Sunday Times 2
Strangers in Slave Island
There are strangers in Slave Island tonight and they are, well, acting strange. As we walk toward Rio Cinema, we see a woman running the opposite way. She appears to be talking furiously to herself until you see a camera, perched on a contraption supported by a band around her waist. She is past us and down the street in a blink of an eye.A few feet away is another foreigner perched on the pavement; dressed in sequins, she is discussing romantic comedies with a young local. A third man rushes into a kade, he has what looks like a picture in his hand which he waves urgently at the people inside. We do not know this, but somewhere close by, there is a fourth, dressed in a suit and rabbit mask. When we do finally meet him, he will only be wearing his underwear. The scene is set.
As a part of Colomboscope 2014, the British-German collective Gob Squad was invited to stage ‘Super Night Shot’ in Slave Island. The Rio Cinema (complete with risqué posters that advertise adult films like ‘Bang! I Want You’) is actually a beautiful old theatre, perfectly suited to an unconventional show like this one. It begins with the organisers asking the audience to form two long lines, a passageway from the entrance of the cinema to the doors of the theatre itself. We’re handed confetti and sparklers, and when the performers come back into the theatre, they’re greeted with hollering and bright lights. They’re still filming as they go past us, ducking under a banner that reads ‘The End.’ A few minutes wait and then we follow them in.
The show itself is the film shot by these four actors, screened simultaneously and edited in real time.
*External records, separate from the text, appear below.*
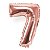 Balão Metalizado Número "7" Rose Gold 16 pol - Imagem 1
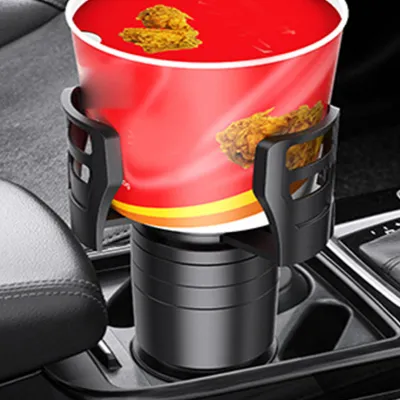 Produktbild von 4-in-1-Auto-Getränkehalter-Expander, um 360° drehbar, platzsparend, universeller multifunktionaler Getränkehalter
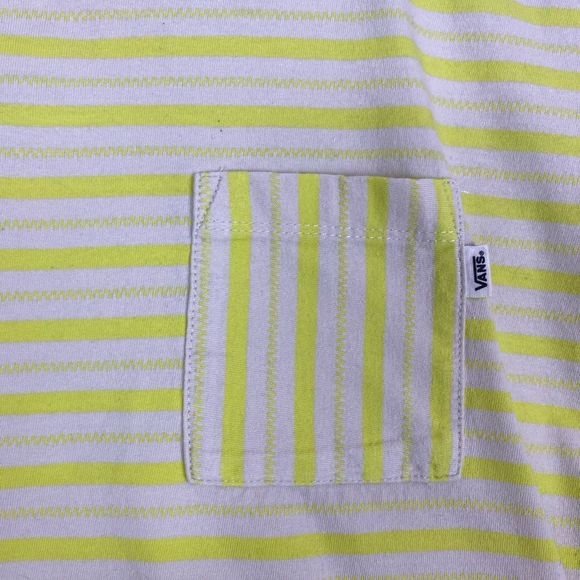 Vans Womens Mini Check Top Lemon Tonic semi cropped t-shirt xs - Picture 12 of 14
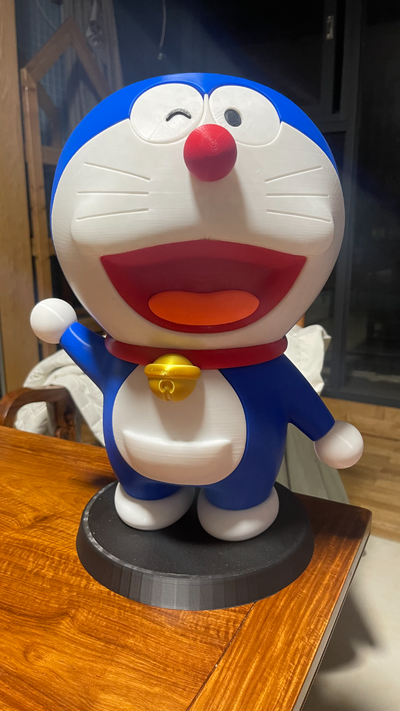 doraemon modular montagem ams requeridos by utilizador 1856824685 brinquedos jogos personagens 3d print model - Mito3D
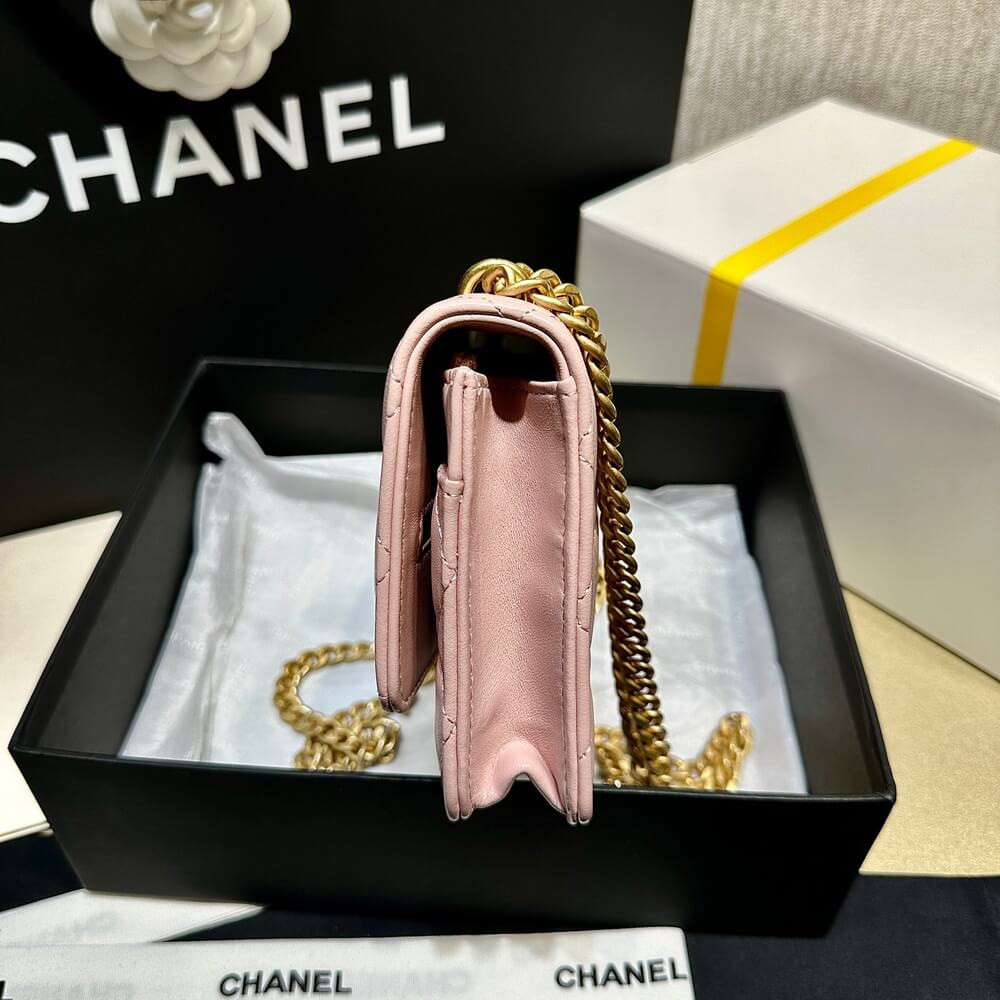 Chanel Camellia Crush Wallet On Chain Lambskin AP3297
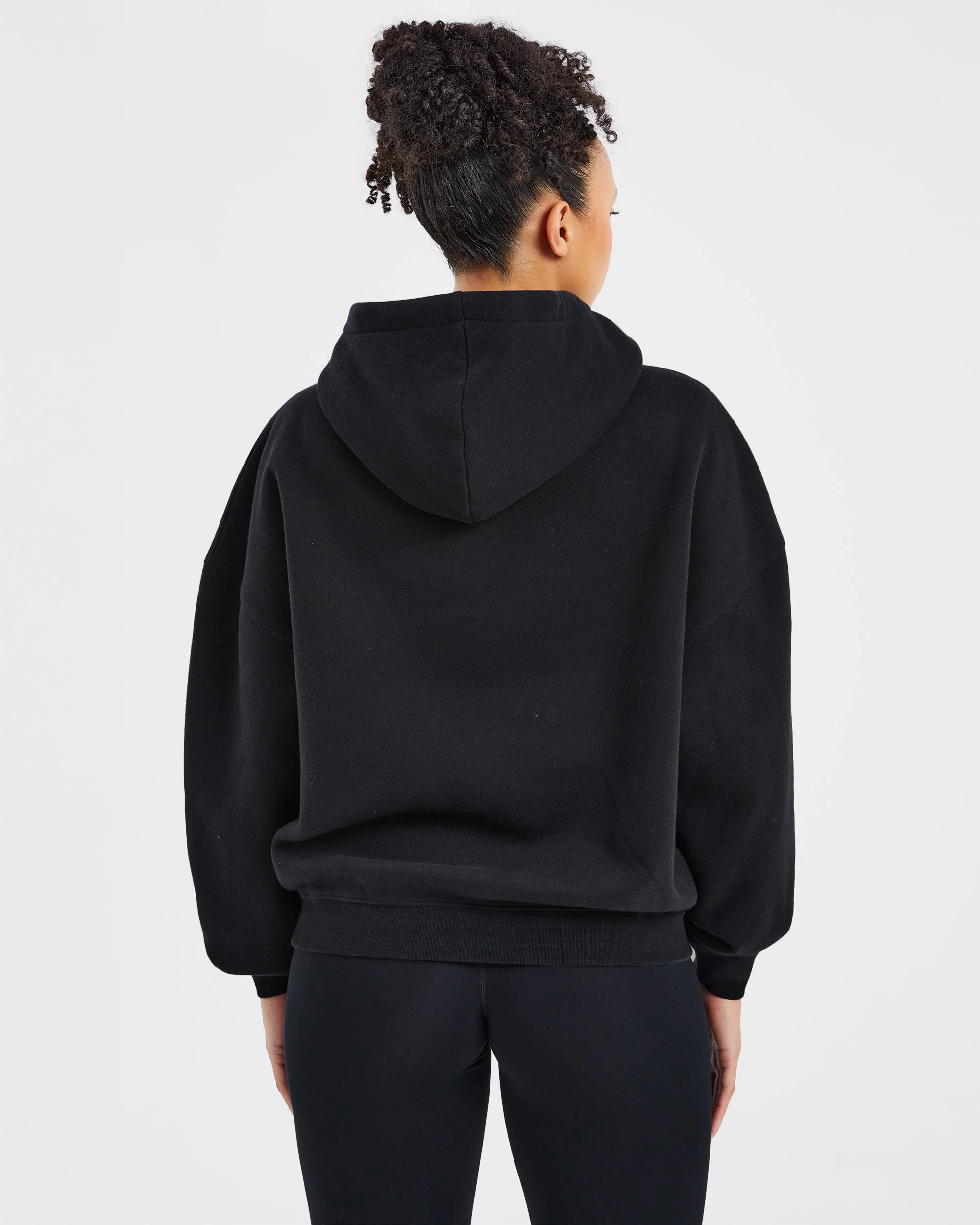 Sport Outline Oversized Hoodie - Zwart - Image 2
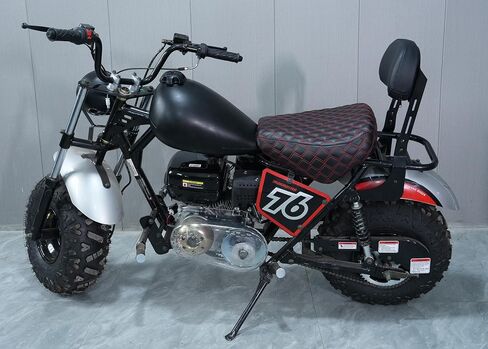 JMChstore Red Retro Design Mini Bike Seat for Massimo Trailmaster Hurricane MB200 MB200-2 ، for Baja Warrior WR65 ، Mini Baja ، Baja Heat Carbon 66cc HT65 MB165 Trail Pike Cushion Parts in Saudi Arabia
At different points we hear different actors speak, and music is mixed and played through the Rio’s speakers, creating a soundtrack.At the very start, when they set their watches, they tell us they are engaged in a ‘war on anonymity’: “Each of us is just one in a million, easy to replace and easy to forget in a city that doesn’t really need us. But don’t worry. We’re going to change all that. We’ve got a plan. This city will need us and this film will be our witness.”
We know by this point that this version of ‘Super Night Shot’ was made in the hour preceding this screening, which is why every night, it’s a different film. The scaffolding of the performance is simple enough – of the four performers, one is a hero (Bastian Trost), the second is his location scout (Johanna Freiburg), the third his publicist (Mat Hand) and the fourth a kind of casting director (Berit Stumpf), in hot pursuit of a new star for their production. Each has their own task: the hero’s is to go out and find a problem and solve it. He also declares that by the end of the night,he will kiss a complete stranger.
One of the most interesting things about ‘Super Night Shot’ for audiences in Colombo is the cultural sub-text that the actors themselves may not necessarily have been aware of. There’s a language barrier but it’s still somewhat ironic to have everyone on the street tell the hero they have “no problems” (of course, Bastian may have found their problems beyond him, even if they had admitted to them.) In an email, Mat later explains: “the history of the area and the buildings that we were working in are of course very present but Gob Squad’s interaction with the area during Super Night Shot is more concerned with the here and now and less concerned with the past.”
Taken with that caveat in mind, the performance is cleverly timed, weird and wonderful in equal measure. It’s there in the premeditated moments of clarity, where even though they’ve long lost sight of each other, the actors will suddenly break into a dance at the same time or strip down to reveal the elaborate evening wear under their overalls or individually write a single word (on a pavement, under a lamp, on an auto, on a gunny sack) that turns into a sentence across the four frames. It’s in the moments that they couldn’t have planned for: when one waiter begs another to get Bastian to stop bothering him, when a group of children appear to take on the mantle of the hero, where a young man allows himself to be tenderly kissed in the middle of a traffic island by a man wearing a rabbit mask.
What Gob Squad does is interesting: each performance is unique, guided by collective design rather than directorial authority. Players parachute in to a city and while much depends on context, much else is predetermined. Does the performance really succeed in its stated purpose? Did Colombo need them? I can imagine that Super Night Shot may have had more meaningful outings and perhaps what is worth considering is what we the host city bring to the performance. That night, Colombo was a mix of the curious and the amused; the bewildered, the bored and the belligerent all made appearances.At least one of us was brave (their guest star took a bow with the cast at the very end)- and in the end, for better or for worse, we got only what we gave.